Owner Dan Snyder, who bought the team in 1999 for US$800 million, has long resisted calls to change the name, but after the surge in the fight for social justice, Snyder now seems willing to listen.
The organisation says it has held "initial discussions" with the league recently about its name.
"This process allows the team to take into account, not only the proud tradition and history of the franchise, but also input from our alumni, the organisation, sponsors, the National Football League and the local community it is proud to represent on and off the field," Snyder says.
NFL commissioner Roger Goodell says he appreciates Snyder's efforts.
"In the last few weeks, we have had ongoing discussions with Dan and we are supportive of this important step," he says.
Corporate pressure could be forcing Snyder's cooperation, with the Memphis-based delivery company that lends its name to FedEx Field - the Redskins' home ground - issuing a statement this week.
"We have communicated to the team in Washington our request that they change the team name."
The company owns the naming rights to the stadium under a 27-year, US$205 million deal that went into effect in November 1999.
FedEx has another major tie to the Redskins - founder/chairman/chief executive Frederick Smith is also a minority owner of the team.
PepsiCo has also tweeted its support of a name change.
"We have been in conversations with @NFL and Washington management for a few weeks about this issue," the company posted. "We believe it is time for a change.
"We are pleased to see the steps the team announced today and we look forward to continued partnership."
According to NFL Network, Nike says: "We have been talking to the NFL and sharing our concerns regarding the name of the Washington team.
"We are pleased to see the team taking a first step towards change."
Nike's website has removed all Redskins merchandise and Washington was the only one of 32 NFL teams no longer listed in the index.
In his first season as Washington head coach, Ron Rivera says he will take part in the review.
"This issue is of personal importance to me, and I look forward to working closely with Dan Snyder to make sure we continue the mission of honoring and supporting native Americans and our military," he says.
Calls for the club to dump the nickname have been made for decades, but a 2016 Washington Post poll of 504 native Americans found that 90 percent were not offended by the Redskins nickname.
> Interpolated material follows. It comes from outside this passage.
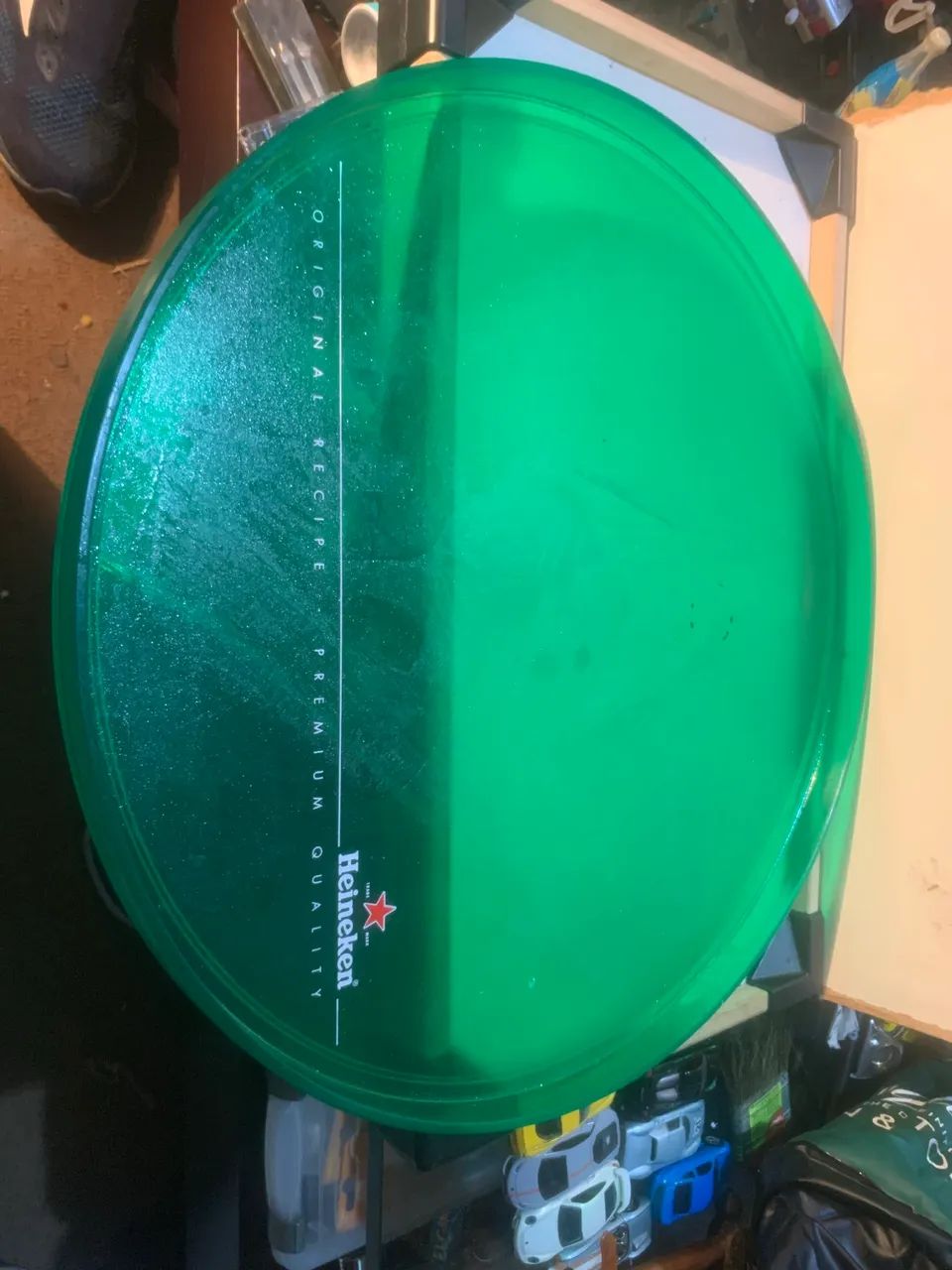 Bandeja para servir Heineken.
The poll included people in all 50 states and Washington DC.
In 2013, Snyder made his position on the matter clear, saying: "We'll never change the name, it's that simple.
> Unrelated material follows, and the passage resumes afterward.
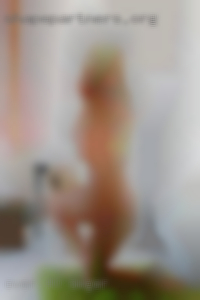 Over 40 women thier shaved pussy swinger.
"NEVER - you can use caps."
The franchise began using the Redskins nickname in 1933, when it was based in Boston and previously called the Braves. Team owner George Preston Marshall moved the club to Washington in 1937.
Last month, Marshall's statue was removed from the Redskins' former Washington venue - RFK Stadium - during protests seeking racial equality, after the death of George Floyd. Under Marshall's leadership, the Redskins were the last NFL team to integrate, adding their first black players in 1962.
The Washington football team's potential name is still up in the air, but in 2009, the Washington City Paper said Snyder had bought franchise rights for an Arena Football League team and registered trademarks for the name 'Washington Warriors', with a logo and helmet design that featured an arrow and a feather.
Washington are scheduled to open the season at home against Philadelphia Eagles on September 13.